Lithium and Gastrointestinal System
Gastrointestinal side effects are among the most frequently mentioned acute side effects of lithium, in addition to tremor; they are described characteristically with nausea, vomit, and diarrhea (1,9). It is noteworthy that some lithium-using patients showed fewer symptoms of ulcerous disease than others who did not use it (15), but there are also reports of gastric ulcer cases induced by lithium use (16).
NSAIDs and Gastrointestinal System
It is estimated that approximately a 30% of chronic NSAIDs users will develop some gastrointestinal side effect (4), mediated mainly by the inhibition of COX1 (5,6); included among there effects are gastric discomfort, bloating, acid reflux, subtle pain, appetite suppression, and even structural lesions such as ulcers and multiple minor damages (4).
Lithium and Gastrointestinal System
Studies in rats have shown that the concomitant use of lithium salts increased gastric volume, preventing the hemorrhagic effects of aspirin and other NSAIDs in the gastric mucosa (17).
Lithium and Cardiovascular System
In therapeutic doses, lithium tends to produce a reversible flattening of the T wave and inversion in the electrocardiogram.

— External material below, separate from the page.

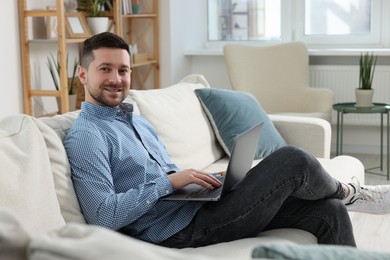 Happy man working with laptop on sofa at home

In rare instances, it may cause sinus node dysfunction or ventricular arrhythmia (18,19).
Anti-inflammatory drugs and Cardiovascular System
The adverse effects are explained by the thromboembolic function associated with COX2 selectivity: renal dysfunction, hypertension, and possible changes to the myocyte membrane. Increase risks of myocardial infarction, cerebrovascular accidents, congestive heart failure, and secondary heart failure have been reported with the use of rofecoxib (20), but not with celecoxib, ibuprofen, or diclofenac (6).
Lithium, anti-inflammatory drugs, and cardiovascular system
Reports showings interactions of clinical significance between both drugs in the cardiovascular system were not found in this review of the literature.
In accordance to what has been previously stated, on their own, both drugs affect the renal system, and their interaction supposes and effect in decreasing the clearance of lithium by the kidneys, resulting in increased serum levels of the mood stabilizer, which could, therefore, lead to an increased risk of toxicity (13,14).
Conversely, there are few reports about the interaction of both drugs in relation to other systems; while there are some descriptions about side effects of digestive systems in animals (16), it is not possible to find them concerning other systems, despite both drugs' potential effects on similar tissues. A possible hypothesis that could explain these findings is that, given the severity of the interaction in the renal system, it would be reckless to continue the study due to the possible disturbances these drugs could produce on their own on other organs.
In general terms, it can be ascertained that it is risky to use both drugs jointly. This finding could eventually limit the line of research where lithium and anti-inflammatory drugs are used as adjuvant therapies to improve the prognosis of the disease (6).
There is a lack of research studies that could account for the totality of side effects in the interactions of both drugs.
Nevertheless, it is widely reported that, when the drugs are used in combination, there is a tendency towards an increase in the value of serum lithium concentration levels, with subsequent risks of toxicity. Therefore, the serialized control of serum lithium concentration levels and dose adjustment in cases as required is recommended.